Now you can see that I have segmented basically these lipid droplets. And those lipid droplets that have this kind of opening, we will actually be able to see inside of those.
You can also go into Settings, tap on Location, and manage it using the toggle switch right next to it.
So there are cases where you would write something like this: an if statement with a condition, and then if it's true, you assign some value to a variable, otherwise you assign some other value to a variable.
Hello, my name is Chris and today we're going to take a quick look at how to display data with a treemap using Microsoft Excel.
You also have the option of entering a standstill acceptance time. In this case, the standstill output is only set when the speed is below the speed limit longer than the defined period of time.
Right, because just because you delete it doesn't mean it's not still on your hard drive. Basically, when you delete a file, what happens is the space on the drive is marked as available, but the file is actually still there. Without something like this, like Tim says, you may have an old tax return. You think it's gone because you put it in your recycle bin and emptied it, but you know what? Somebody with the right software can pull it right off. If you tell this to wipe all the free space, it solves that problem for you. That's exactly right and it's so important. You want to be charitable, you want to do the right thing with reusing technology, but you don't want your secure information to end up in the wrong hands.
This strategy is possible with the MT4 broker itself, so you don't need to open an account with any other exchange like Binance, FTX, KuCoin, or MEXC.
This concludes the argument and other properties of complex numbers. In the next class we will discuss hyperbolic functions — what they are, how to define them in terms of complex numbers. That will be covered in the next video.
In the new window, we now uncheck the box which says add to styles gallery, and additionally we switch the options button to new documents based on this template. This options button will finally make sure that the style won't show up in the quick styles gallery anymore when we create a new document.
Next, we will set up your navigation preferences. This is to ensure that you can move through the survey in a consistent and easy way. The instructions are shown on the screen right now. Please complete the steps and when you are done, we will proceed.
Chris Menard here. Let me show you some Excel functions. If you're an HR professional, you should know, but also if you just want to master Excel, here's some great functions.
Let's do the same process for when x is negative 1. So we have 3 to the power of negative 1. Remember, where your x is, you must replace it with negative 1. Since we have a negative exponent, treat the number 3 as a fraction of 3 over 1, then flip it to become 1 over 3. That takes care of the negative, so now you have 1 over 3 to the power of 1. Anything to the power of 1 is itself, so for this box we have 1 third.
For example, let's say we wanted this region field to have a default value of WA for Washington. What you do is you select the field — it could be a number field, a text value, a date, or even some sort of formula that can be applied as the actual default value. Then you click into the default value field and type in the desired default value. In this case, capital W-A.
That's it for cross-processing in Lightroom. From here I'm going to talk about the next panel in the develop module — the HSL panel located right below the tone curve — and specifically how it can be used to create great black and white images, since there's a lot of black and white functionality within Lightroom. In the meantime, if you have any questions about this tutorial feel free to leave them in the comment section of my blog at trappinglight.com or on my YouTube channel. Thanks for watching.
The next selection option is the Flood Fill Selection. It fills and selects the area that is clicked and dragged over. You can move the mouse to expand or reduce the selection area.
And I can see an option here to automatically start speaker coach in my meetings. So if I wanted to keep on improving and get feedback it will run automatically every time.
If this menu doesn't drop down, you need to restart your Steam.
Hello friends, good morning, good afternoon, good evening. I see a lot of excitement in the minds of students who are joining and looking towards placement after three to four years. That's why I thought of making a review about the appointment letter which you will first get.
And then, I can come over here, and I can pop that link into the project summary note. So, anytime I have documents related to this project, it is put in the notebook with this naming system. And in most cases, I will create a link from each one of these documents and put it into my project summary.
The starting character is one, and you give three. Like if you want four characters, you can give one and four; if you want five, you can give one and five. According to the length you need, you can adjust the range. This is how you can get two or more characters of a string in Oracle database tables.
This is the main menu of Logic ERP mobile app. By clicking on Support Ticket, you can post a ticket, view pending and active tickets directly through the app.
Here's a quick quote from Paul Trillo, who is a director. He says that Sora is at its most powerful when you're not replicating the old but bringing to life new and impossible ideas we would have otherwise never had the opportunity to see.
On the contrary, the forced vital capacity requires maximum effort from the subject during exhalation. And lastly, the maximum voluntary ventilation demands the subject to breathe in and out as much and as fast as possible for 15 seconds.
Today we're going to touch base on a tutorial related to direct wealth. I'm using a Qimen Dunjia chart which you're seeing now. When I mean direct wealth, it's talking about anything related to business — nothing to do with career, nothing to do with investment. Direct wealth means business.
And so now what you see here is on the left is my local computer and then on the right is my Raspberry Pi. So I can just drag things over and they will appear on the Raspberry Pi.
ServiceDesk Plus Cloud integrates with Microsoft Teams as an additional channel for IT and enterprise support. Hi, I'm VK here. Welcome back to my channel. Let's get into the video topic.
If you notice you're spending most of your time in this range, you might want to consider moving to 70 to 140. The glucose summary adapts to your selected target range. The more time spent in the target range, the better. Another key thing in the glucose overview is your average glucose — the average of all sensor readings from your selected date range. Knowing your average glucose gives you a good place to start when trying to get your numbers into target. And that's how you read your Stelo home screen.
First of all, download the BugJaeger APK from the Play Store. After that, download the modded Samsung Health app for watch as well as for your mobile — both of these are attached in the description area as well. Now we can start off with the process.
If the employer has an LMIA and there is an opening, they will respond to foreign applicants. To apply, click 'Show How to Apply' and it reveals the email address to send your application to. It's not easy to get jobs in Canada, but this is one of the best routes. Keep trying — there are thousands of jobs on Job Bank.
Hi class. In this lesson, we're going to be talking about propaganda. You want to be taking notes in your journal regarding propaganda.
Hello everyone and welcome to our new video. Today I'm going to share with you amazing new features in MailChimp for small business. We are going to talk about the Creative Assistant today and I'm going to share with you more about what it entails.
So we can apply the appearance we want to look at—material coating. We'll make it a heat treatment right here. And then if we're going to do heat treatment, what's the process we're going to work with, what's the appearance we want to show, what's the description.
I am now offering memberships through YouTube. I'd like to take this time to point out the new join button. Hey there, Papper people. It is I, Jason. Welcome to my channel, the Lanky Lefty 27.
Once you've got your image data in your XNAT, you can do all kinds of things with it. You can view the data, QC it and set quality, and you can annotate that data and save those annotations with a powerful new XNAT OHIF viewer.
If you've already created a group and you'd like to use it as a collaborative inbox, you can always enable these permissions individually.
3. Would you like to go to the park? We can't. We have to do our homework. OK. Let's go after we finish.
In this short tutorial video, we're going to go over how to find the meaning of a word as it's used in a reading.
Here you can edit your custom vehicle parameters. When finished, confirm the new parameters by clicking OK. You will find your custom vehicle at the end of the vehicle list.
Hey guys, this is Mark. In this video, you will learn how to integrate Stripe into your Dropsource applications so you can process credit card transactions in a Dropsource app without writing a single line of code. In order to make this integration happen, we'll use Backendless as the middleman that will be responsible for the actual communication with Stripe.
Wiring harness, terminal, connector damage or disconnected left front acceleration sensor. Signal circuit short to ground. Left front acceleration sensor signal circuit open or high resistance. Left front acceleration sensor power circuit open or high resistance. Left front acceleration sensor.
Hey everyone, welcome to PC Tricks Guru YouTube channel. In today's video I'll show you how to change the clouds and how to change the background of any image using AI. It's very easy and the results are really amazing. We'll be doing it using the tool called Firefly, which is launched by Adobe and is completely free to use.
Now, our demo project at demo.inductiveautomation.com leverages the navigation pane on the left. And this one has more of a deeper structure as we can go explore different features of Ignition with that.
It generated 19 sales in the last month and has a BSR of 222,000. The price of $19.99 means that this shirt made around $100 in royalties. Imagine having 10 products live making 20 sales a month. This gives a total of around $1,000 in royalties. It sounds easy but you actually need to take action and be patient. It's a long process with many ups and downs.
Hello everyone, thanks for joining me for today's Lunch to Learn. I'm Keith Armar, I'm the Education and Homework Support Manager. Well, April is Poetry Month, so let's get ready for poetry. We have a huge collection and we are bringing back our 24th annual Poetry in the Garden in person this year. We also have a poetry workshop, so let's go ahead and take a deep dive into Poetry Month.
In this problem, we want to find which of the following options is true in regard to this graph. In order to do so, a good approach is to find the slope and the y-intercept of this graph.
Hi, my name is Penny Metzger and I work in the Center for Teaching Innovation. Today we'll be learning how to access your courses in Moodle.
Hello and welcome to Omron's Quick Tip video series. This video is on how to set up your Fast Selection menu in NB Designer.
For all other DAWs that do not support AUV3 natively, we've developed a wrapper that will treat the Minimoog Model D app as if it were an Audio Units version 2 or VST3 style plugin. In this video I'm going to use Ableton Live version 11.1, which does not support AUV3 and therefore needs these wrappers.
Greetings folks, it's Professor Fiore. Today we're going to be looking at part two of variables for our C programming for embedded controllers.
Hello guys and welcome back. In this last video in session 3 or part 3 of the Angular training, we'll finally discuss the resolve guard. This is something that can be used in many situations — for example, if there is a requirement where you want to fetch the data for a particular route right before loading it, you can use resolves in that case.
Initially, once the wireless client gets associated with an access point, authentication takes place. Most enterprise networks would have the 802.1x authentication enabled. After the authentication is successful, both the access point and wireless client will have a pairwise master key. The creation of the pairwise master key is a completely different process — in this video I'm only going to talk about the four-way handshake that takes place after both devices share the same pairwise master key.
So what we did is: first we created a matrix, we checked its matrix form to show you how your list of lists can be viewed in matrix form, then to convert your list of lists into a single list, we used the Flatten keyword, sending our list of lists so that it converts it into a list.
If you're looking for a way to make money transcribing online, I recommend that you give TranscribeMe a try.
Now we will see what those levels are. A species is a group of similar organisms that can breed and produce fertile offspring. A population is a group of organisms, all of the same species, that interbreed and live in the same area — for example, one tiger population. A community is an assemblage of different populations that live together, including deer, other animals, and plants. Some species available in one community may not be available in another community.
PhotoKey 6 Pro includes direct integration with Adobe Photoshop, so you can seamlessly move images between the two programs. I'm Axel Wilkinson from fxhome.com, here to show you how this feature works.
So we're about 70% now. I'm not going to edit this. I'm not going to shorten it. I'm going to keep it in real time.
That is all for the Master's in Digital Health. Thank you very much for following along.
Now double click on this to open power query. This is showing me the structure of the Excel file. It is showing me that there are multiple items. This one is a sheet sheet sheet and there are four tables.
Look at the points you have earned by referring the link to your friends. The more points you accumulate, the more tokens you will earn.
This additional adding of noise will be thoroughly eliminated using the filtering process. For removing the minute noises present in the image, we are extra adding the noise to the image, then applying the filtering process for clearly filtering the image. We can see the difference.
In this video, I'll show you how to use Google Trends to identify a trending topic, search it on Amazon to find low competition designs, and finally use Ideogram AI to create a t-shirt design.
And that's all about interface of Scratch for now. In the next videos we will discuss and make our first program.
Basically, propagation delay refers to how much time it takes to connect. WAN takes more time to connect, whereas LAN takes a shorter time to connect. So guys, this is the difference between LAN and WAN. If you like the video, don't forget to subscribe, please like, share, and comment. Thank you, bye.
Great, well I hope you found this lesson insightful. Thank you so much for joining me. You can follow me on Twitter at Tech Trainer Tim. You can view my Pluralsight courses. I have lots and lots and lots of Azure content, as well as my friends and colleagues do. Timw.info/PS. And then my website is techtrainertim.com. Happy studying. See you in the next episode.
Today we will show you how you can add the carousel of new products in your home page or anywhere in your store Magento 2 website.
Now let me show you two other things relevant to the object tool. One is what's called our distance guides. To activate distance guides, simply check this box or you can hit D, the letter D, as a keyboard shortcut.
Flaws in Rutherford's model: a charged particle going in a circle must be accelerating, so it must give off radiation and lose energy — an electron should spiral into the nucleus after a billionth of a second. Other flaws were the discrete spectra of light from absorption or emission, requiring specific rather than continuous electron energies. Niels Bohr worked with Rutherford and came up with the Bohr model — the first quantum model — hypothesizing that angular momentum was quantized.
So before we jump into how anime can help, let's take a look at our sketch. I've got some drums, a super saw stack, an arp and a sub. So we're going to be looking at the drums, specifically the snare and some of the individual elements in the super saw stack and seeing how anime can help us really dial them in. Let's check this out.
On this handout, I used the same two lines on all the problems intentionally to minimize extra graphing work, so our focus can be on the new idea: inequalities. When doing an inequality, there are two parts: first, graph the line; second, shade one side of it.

* _Directions for this task_
Copy out only the lines above from the one with "And I can see" to the one with "This is the main", inclusive, exactly as they stand.

* _Answer box_
And I can see an option here to automatically start speaker coach in my meetings. So if I wanted to keep on improving and get feedback it will run automatically every time.
If this menu doesn't drop down, you need to restart your Steam.
Hello friends, good morning, good afternoon, good evening. I see a lot of excitement in the minds of students who are joining and looking towards placement after three to four years. That's why I thought of making a review about the appointment letter which you will first get.
And then, I can come over here, and I can pop that link into the project summary note. So, anytime I have documents related to this project, it is put in the notebook with this naming system. And in most cases, I will create a link from each one of these documents and put it into my project summary.
The starting character is one, and you give three. Like if you want four characters, you can give one and four; if you want five, you can give one and five. According to the length you need, you can adjust the range. This is how you can get two or more characters of a string in Oracle database tables.
This is the main menu of Logic ERP mobile app. By clicking on Support Ticket, you can post a ticket, view pending and active tickets directly through the app.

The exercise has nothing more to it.